-------- DATA SHOWN

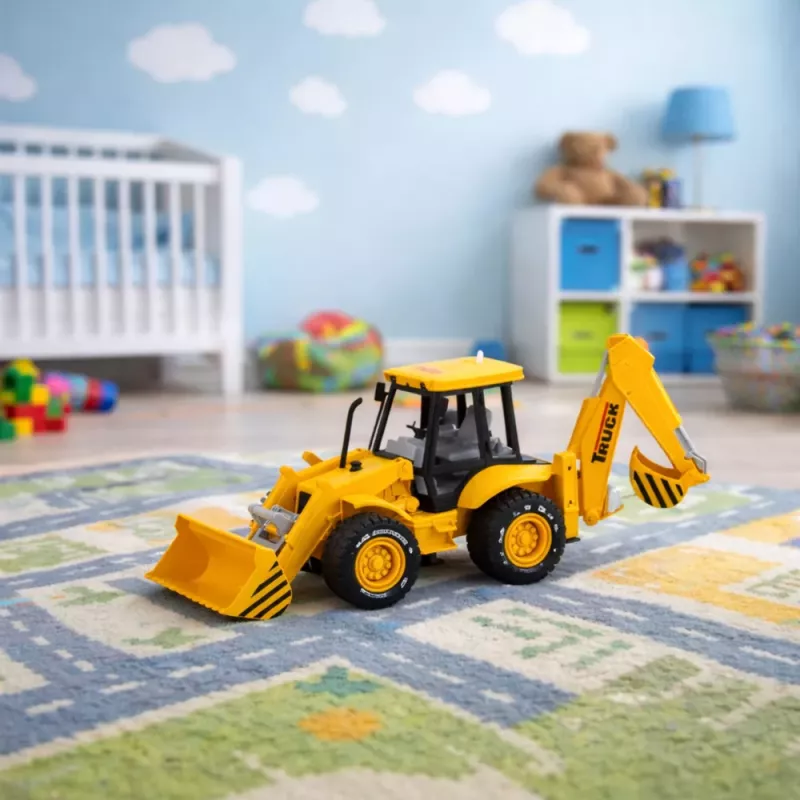 LEAN TOYS Construction Excavator Loader Bulldozer with Drive, Lights, Sounds - Yellow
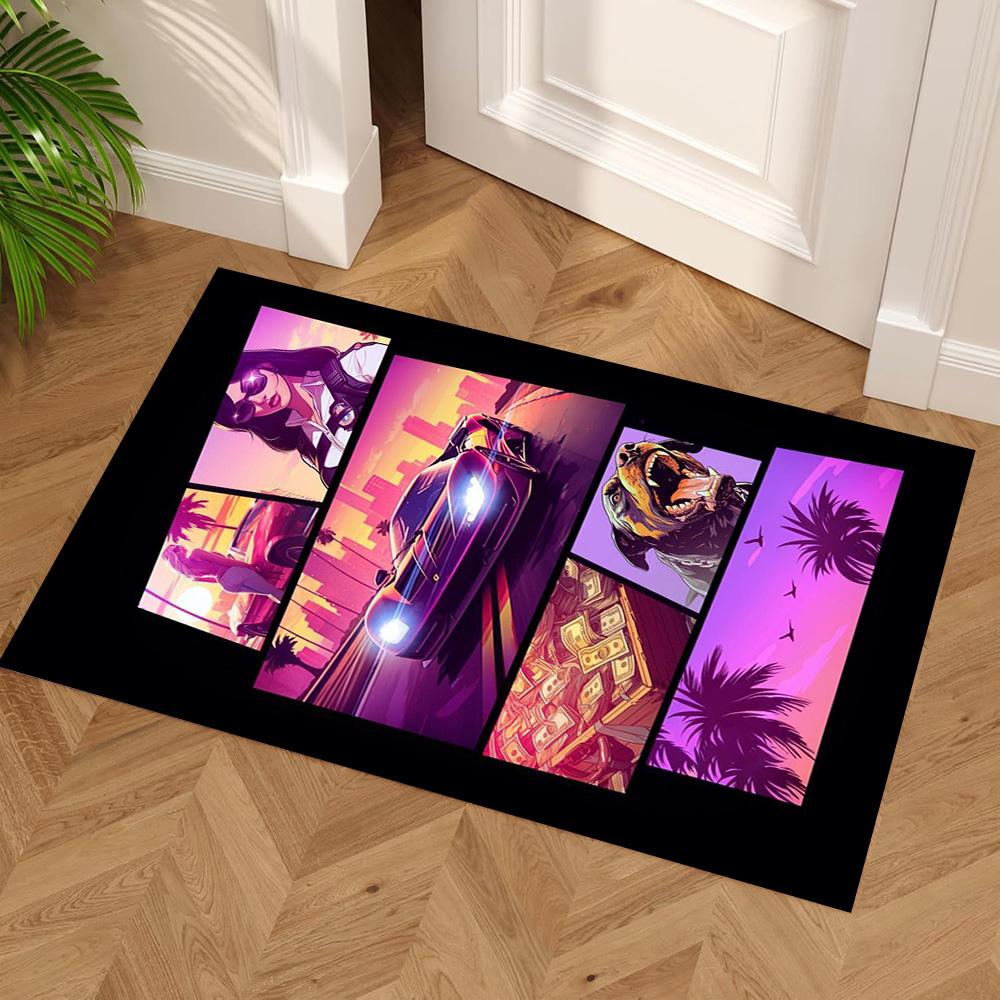 Grand Theft Auto Area Rug Design for Entryway Game Room Bedrooms Hallway Antislip Carpet Anime Office Decor Gift for Festivals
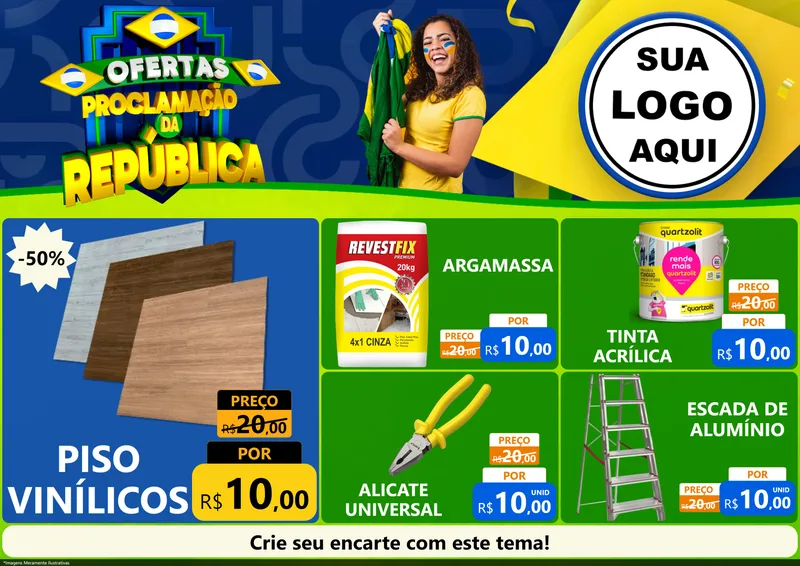 Modelo de Encarte para Encarte A4 Horizontal com o tema Ofertas Proclamação da República para Material para Construção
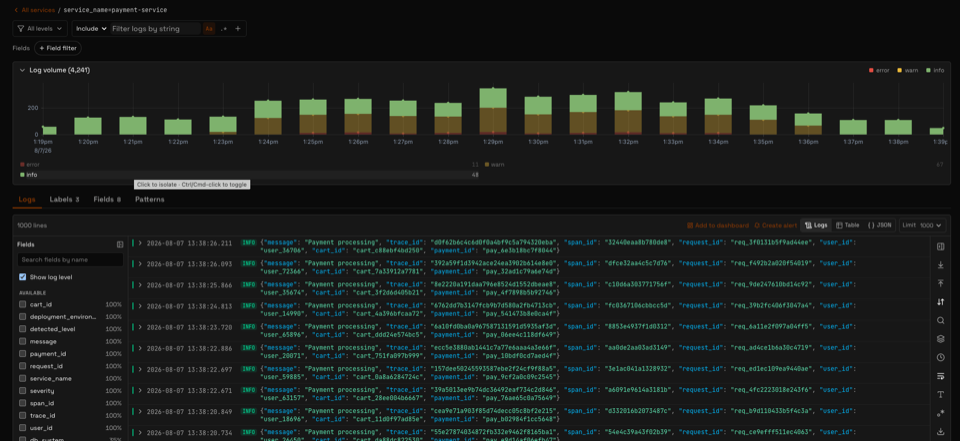 xScaler log viewer showing live structured log streams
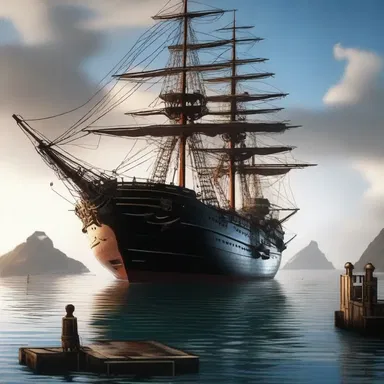 In the novel, the main character's ship would dock at various ports, bringing him closer to his destiny.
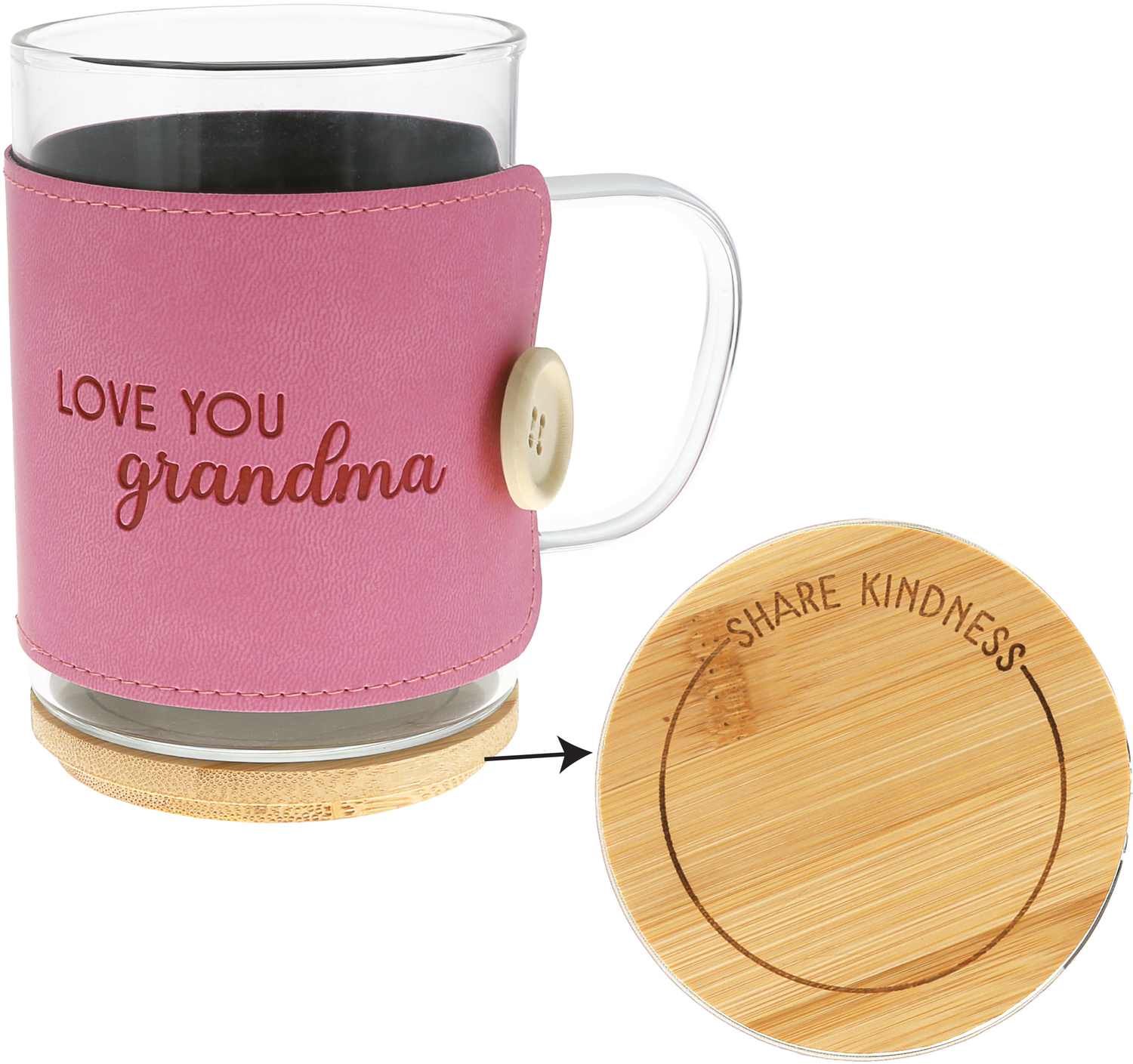 Grandma by Wrapped in Kindness - Grandma - 16 oz Wrapped Glass Mug with Coaster Lid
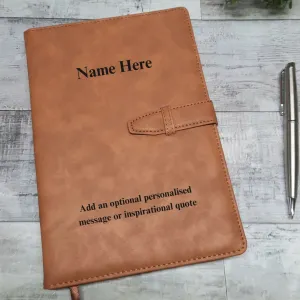 Personalised Laserable Leather Notebook Cover Including Soft Back A5 Notebook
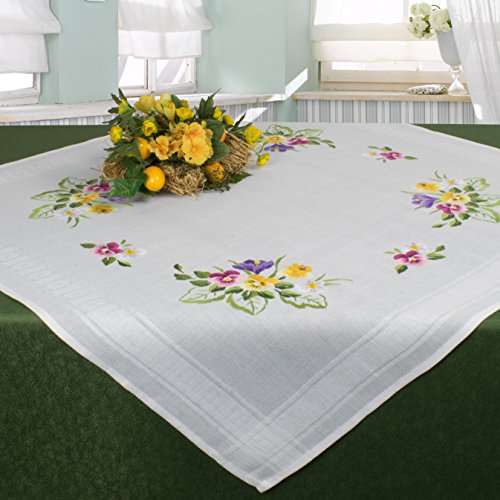 Stickpackung STIEFMÜTTERCHEN PARADIES / Blumen Stickset mit Stickvorlage für Erwachsene / Komplettes Vorgezeichnetes Tischdecken Set zum Sticken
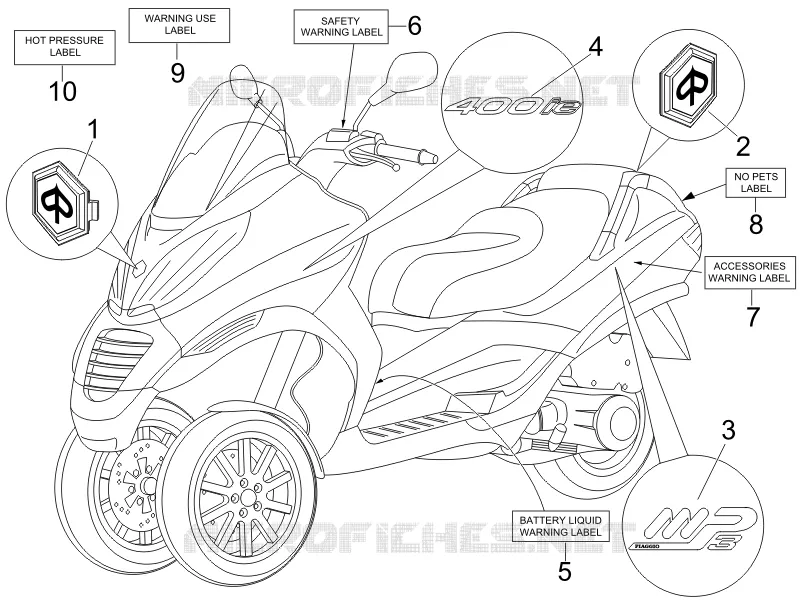 Monogrammes - Decorations PIAGGIO PIAGGIO-SCOOTER 400 MP3 2009  MP3 ie MIC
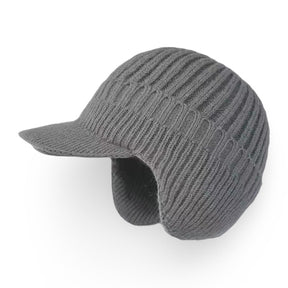 Gorro de tricô com aba e protetor de orelhas para inverno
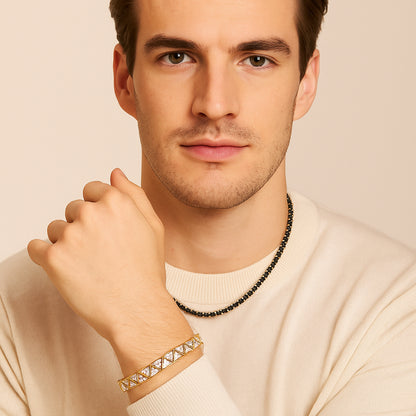 10mm Triangle Tennis Bracelet – 14K Gold Finish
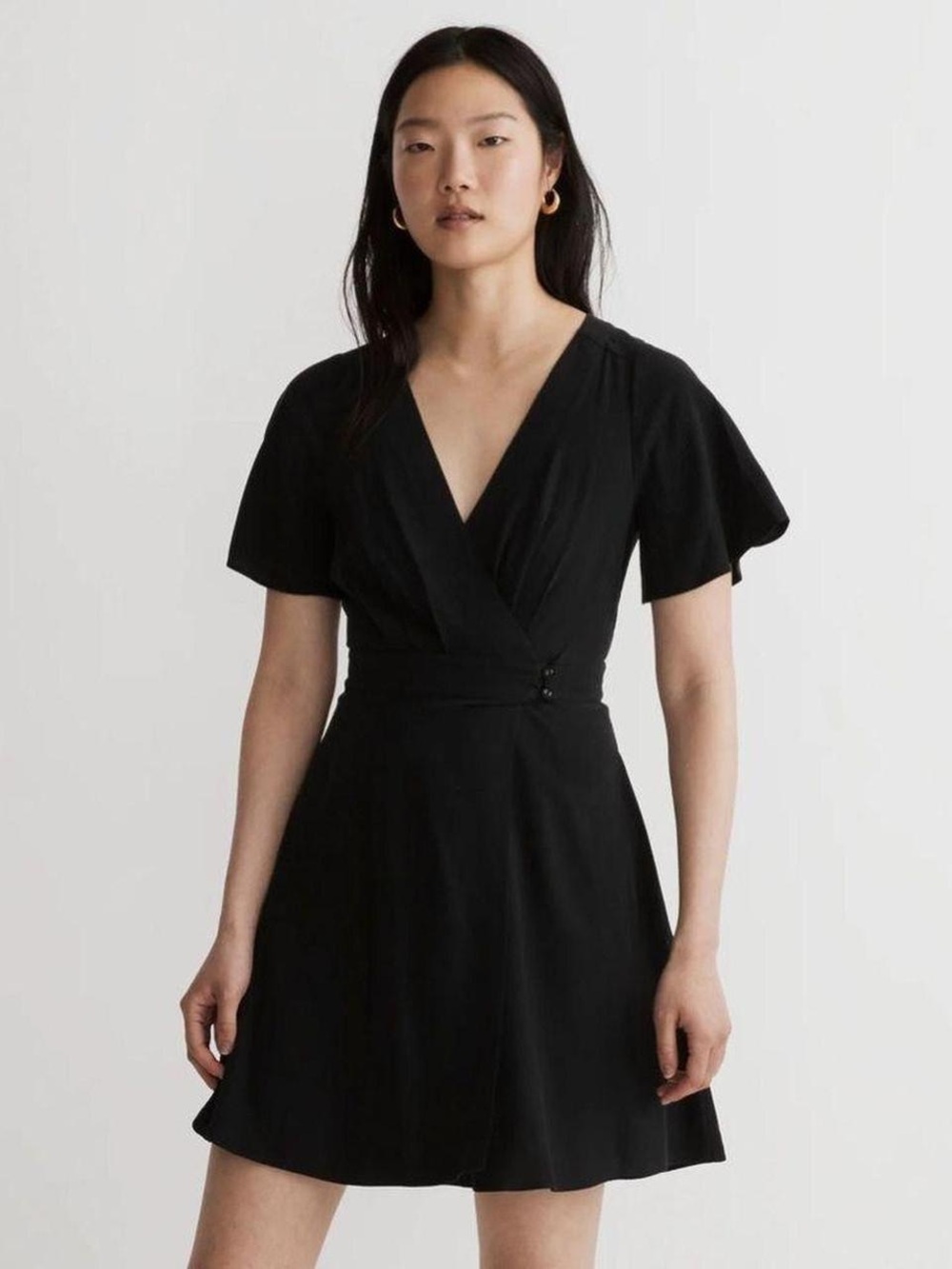 Madewell Wrap Mini Dress, Black, 14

----------------

## EXERCISE GOAL
Could the lines from the one with "10mm Triangle Tennis" through the last line of the material above be written out exactly, both included, with pictures left out?

## TASK ANSWER
 10mm Triangle Tennis Bracelet – 14K Gold Finish
 Madewell Wrap Mini Dress, Black, 14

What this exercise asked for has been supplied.